The edge is from 0.008-0.015" thick and ground at 15-17 degrees per side. This one is well used and sharpened, this isn't the new in box profile from Randall. The knife balances neutrally on the index finger. A shot of this well used knife :

Image hosted by Photobucket.com

If you are one of the half a dozen people who have never heard of Randall knives then before reading further check out the Randall Made Knives website.

Stock testing

A few quick tests done to gauge various aspects of the blades performance. They provide solid information about the ability of the knife in a few hours. However they ignore several aspects of performance which can only be evaluated with extended use, such as grip ergonomics and many durability and edge retention aspects.

Sharpness

The Randalls were used so no comments could be made on new in box factory sharpness. There was however no problem in obtaining a razor edge on the knife with minimal effort.

Shallow cutting

Pointing one inch sections of basswood dowel the Randall #1 was able to rough off the necessary wood in only 8.7 +/- 0.2 slices, and pointed a 2.5x1.5" section of birch hardwood in 8.4 +/- 0.1 cuts, both showing high solid cutting ability. For comparison, the Randall #5 pointed the dowel in 11.5 +/- 0.5 slices, and the birch hardwood in 11.1 +/- 0.3 cuts. The #5 was slightly behind because of the inability to choke up around the guard because it was actually pointy on top of the guard .
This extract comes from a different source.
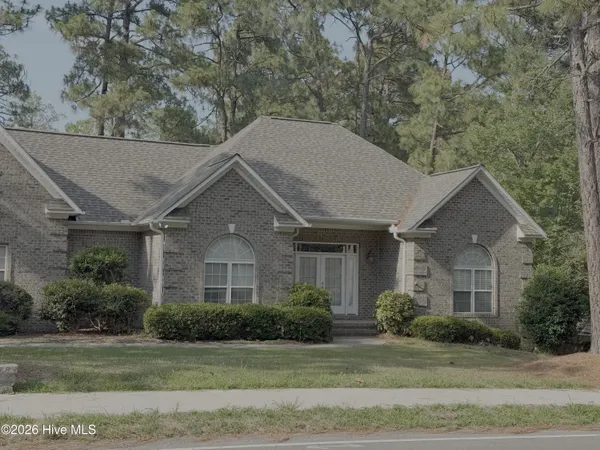 $2,450 | 258 Juniper Creek Boulevard, Pinehurst, NC 28374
Point penetration and strength

The point profile on the #1 Randall is fairly thin, the tip tapers from 0.220" thick through 3.1" at an angle of 2.0 degrees and is 1.2" wide at the start of the tip. The knife achieves 121 +/- 6 pages into a phonebook on a 50 lbs push and 640 +/- 15 on a hard vertical stab. On the #5 Randall, the tip tapers from 0.225" thick through 2.8" at an angle of 2.0 degrees and is 1.15" wide at the start of the tip. It achieves 121 +/- 6 pages into a phonebook on a 50 lbs push and 590 +/- 25 on a hard vertical stab.

Chopping

The chopping ability of the Randall #1 is low for its blade length due to the light weight and close to neutral balance. Specifically, on birch hardwood, the Randall had 44 +/- 5% of the ability of the Gransfors Bruks Wildlife hatchet when both were used light, swinging from the wrist with a little elbow motion. However when the shoulder was put into the swing, the much greater heft of the hatchet allowed it to pull way ahead and the Randall was now being outperformed several times over, specifically it had 27 +/- 3% of the ability of the hatchet through a couple of dozen sections of wood cut. The #5 is near identical in performance when choked back on the grip to shift the balance forward.

General usage

After the stock testing the knives were used in a variety of ways to get a feel for its scope of work, round out the stock testing profile and look at several aspects of continued and long term usage.

food preperation

In the kitchen the Randall #1 is hampered by a few attributes, mainly the forward balance and the large dual guard. The guard locks the knife off of the cutting board and prevents overhand grips around that section of blade. The blade heavy balance increases fatigue for precision work such as carving vegetables.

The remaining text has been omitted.